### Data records
────────

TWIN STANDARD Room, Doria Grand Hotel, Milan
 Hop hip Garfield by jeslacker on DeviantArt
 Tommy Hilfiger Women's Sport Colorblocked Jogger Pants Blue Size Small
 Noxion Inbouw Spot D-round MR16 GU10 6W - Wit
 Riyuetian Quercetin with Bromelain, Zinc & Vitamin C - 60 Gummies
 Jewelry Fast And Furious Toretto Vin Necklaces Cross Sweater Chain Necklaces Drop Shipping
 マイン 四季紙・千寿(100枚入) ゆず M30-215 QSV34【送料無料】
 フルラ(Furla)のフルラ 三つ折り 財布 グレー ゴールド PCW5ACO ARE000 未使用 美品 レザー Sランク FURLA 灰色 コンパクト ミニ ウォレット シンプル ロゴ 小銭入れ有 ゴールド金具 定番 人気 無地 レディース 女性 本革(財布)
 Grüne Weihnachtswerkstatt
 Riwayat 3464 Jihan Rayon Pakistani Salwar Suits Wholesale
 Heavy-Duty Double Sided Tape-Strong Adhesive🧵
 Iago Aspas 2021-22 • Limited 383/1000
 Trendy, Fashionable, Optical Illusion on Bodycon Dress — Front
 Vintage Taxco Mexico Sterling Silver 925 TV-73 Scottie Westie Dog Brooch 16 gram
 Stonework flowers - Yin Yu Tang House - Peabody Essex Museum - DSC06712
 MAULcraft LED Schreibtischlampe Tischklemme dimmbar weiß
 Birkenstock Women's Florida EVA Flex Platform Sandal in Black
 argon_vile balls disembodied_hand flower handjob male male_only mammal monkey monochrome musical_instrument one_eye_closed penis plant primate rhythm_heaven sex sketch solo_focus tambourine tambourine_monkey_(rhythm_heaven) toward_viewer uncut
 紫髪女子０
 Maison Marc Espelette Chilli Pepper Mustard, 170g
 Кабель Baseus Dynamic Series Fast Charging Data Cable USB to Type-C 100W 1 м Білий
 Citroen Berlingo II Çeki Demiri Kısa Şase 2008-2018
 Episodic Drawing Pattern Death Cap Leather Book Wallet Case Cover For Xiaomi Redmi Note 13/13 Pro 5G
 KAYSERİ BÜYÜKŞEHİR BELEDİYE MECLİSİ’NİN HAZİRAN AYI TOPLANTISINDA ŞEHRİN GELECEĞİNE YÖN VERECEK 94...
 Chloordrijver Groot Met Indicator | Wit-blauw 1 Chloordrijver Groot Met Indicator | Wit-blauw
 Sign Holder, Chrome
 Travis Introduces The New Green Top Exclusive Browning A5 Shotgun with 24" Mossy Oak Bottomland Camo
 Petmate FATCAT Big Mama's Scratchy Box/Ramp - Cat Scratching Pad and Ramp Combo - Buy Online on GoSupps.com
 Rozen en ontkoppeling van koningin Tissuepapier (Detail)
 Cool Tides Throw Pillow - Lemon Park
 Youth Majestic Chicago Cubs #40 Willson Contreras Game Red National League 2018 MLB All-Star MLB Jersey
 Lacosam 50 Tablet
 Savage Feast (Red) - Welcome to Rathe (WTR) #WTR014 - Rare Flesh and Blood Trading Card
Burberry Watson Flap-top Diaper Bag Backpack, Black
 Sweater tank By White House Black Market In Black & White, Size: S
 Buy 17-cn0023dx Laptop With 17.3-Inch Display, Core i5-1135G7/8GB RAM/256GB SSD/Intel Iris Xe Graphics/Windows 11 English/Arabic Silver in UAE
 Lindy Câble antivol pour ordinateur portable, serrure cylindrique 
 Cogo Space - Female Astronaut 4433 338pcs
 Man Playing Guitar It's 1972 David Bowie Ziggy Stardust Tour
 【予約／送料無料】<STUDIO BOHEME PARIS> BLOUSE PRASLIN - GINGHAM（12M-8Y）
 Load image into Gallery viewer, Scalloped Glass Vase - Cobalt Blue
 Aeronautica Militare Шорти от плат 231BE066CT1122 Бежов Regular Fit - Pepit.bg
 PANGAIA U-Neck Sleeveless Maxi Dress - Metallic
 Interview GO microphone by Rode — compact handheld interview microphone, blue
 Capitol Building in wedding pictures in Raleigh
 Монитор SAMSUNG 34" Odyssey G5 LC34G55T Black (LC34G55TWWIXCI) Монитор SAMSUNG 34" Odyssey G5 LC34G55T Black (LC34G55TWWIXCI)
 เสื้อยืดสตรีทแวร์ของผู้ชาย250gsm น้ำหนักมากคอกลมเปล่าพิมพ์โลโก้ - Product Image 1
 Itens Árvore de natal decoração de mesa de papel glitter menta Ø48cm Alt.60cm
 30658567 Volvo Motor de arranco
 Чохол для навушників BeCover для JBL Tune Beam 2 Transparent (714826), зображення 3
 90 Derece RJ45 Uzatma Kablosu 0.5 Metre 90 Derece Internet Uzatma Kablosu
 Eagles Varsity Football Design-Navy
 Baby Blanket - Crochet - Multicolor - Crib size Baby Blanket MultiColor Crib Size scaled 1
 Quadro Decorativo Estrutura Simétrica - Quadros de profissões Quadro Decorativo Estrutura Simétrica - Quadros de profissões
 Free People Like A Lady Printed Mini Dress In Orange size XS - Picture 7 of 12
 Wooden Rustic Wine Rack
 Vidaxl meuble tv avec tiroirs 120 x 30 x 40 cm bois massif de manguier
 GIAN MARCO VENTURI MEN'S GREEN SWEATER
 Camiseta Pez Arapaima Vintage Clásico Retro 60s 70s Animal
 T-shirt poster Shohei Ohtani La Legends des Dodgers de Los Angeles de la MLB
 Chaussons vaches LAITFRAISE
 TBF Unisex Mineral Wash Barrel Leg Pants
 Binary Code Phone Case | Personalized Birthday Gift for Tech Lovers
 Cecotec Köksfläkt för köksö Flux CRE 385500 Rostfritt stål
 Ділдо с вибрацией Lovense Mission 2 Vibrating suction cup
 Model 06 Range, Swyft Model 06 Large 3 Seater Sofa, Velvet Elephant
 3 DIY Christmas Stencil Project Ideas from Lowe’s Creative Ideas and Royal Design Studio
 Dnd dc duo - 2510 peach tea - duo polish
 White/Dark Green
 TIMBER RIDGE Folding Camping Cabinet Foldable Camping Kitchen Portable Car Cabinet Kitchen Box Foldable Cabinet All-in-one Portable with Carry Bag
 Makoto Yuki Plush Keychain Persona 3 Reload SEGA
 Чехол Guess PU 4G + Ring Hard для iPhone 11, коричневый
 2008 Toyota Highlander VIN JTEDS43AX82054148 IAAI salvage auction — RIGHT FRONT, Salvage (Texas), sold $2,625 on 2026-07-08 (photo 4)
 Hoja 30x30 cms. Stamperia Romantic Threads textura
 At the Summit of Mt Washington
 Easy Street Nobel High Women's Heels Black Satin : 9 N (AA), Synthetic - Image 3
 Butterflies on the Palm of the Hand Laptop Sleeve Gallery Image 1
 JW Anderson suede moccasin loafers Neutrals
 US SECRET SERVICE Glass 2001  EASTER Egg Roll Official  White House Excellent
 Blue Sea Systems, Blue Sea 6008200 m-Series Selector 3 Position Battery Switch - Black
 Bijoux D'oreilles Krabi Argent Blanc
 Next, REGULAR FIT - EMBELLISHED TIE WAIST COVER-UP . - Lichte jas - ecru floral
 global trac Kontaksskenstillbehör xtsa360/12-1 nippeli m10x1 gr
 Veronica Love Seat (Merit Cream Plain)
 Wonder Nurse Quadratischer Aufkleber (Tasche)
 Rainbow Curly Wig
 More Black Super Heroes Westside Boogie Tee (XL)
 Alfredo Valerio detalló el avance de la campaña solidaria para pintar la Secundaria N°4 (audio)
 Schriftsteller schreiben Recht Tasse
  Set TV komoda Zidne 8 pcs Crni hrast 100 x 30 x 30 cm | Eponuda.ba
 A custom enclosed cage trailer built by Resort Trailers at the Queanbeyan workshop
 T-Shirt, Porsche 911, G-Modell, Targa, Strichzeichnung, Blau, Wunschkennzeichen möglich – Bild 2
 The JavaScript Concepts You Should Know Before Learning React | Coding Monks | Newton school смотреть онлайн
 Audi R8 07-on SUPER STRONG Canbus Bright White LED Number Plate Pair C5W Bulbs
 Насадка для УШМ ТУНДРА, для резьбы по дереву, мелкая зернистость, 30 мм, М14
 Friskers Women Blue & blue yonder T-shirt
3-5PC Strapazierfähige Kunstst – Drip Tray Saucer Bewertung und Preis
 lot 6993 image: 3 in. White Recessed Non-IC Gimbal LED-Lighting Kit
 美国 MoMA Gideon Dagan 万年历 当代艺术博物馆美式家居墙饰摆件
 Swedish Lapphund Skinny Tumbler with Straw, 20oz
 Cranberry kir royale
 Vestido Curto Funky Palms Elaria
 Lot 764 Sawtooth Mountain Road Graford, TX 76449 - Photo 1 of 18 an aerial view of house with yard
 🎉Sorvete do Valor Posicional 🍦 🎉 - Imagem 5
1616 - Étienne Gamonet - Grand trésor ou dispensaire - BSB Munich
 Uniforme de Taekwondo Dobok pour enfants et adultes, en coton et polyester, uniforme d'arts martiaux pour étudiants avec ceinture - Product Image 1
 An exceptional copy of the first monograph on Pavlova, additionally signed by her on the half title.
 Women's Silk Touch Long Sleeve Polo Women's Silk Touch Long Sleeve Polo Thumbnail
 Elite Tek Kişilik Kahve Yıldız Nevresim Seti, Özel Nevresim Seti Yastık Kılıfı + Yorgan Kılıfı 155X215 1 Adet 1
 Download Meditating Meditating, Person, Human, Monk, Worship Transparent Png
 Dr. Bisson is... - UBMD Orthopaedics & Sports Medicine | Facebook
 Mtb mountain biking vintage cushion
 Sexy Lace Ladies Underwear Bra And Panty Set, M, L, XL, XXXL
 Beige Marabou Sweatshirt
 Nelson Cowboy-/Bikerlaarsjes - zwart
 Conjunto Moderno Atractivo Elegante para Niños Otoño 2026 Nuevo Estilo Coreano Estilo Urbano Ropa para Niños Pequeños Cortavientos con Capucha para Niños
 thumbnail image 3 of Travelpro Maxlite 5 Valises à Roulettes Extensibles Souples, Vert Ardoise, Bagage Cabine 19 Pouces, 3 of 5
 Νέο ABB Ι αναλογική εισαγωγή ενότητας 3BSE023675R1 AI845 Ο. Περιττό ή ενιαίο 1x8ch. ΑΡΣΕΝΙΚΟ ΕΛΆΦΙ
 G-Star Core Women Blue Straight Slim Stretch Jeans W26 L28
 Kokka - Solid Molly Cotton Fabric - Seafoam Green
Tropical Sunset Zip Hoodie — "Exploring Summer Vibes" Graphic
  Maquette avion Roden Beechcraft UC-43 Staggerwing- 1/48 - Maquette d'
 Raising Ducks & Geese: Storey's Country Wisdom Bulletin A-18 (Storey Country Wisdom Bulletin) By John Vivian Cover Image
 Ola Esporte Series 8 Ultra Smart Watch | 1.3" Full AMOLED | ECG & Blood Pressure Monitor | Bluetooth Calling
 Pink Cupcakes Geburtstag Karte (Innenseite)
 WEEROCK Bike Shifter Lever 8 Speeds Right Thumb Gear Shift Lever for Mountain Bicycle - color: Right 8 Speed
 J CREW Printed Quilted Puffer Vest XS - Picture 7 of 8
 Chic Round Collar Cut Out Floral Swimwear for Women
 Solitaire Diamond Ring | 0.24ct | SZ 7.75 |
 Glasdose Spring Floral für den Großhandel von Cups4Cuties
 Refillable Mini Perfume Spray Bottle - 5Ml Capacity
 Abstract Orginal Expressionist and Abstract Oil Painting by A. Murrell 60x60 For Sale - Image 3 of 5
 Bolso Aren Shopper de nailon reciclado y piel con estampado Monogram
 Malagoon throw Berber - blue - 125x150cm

────────

Each line above from the one with "Model 06 Range, Swyft" up to and including the one with "White/Dark Green" must be set down exactly, and no line outside that span may appear.

### Result for this exercise
 Model 06 Range, Swyft Model 06 Large 3 Seater Sofa, Velvet Elephant
 3 DIY Christmas Stencil Project Ideas from Lowe’s Creative Ideas and Royal Design Studio
 Dnd dc duo - 2510 peach tea - duo polish
 White/Dark Green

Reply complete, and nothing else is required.